Severus griff sanft nach Narzissas Handgelenk, als die Tür aufschwang und Bellatrix herausstürmte.

„Eine Sache noch, wenn es dir nichts ausmacht. Nur du.“

Ihre Schwester sah ihn ein paar Sekunden lang intensiv an, dann knallte sie die Tür zu, um ihre Privatsphäre zu schützen.

„Was ist passiert, Severus?“

Narzissas Gesicht zeigte Erstaunen.

„Stimmt hier etwas nicht?“

„Eins noch“, wiederholte er, seine Augen griffen erneut nach ihrem angespannten Körper.

„Ich habe die letzte Erklärung meiner Hingabe an dich und Draco abgegeben. Du bist an der Reihe. Was kannst du tun, um zu beweisen, dass ich die richtige Wahl getroffen habe?“

„Alles, was die Malfoys dir geben können, gehört dir, Severus. Lucius hat Berge von Gold in Gringotts und-“

„Was ich will, kann Lucius nicht bieten“, unterbrach er.

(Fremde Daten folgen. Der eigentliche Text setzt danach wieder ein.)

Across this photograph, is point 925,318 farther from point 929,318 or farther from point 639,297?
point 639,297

Seine Augen zeigten jetzt Verständnis und darunter lag Hingabe.

Wusste sie, dass sie sich ihm ergeben musste?

„Das ist etwas, was ich seit Jahren nicht mehr erleben durfte.“

Es war eine Lüge, aber was konnte ihm ein wenig Mitgefühl schaden?

Er beugte sich über den muffigen, abgenutzten Teppich vor ihm.

„Sag die Wahrheit, Severus. Du hast eine Menge bewiesen“, sagte Narcissa leise.

Seine Hände wanderten zu seiner Hose und er fand sie schon hart.

„Aber nur wie gesagt.“

Severus nickte und seine Finger arbeiteten nun geschickt daran, Schichten seiner Kleidung zu zerreißen.

Schließlich war sie unterhalb ihrer Taille nackt und sie ergriff seinen harten Schwanz mit einer anmutigen, blassen Hand.

Snape war keineswegs ein attraktiver Mann.

Sein Haar war fettig und fiel ihm über die Schultern.

Seine Augen waren rund und schwarz, und seine Nase hing über sein mürrisches Gesicht.

Allerdings konnte keine Frau, mit der er zusammen war, sagen, dass seine Männlichkeit hässlich war.

Es war sieben Zoll lang und so dick wie ihr bestes Handgelenk, zusammengerollt und hochgezogen.

Das Fleisch war blass und rosa, makellos und mit wunderschön geschwungenen Adern bedeckt, die es muskulös aussehen ließen.

Es stand kühn auf seinem Kopf, lila und etwas spitzer als gewöhnlich.

Als Narcissa ihn zum ersten Mal im Licht sah, zuckte sie einen Moment lang zusammen, aber wenn ihre Augen richtig waren, war das, was sie sah, weder Ekel noch Angst, sondern ein Nachlassen des Widerwillens.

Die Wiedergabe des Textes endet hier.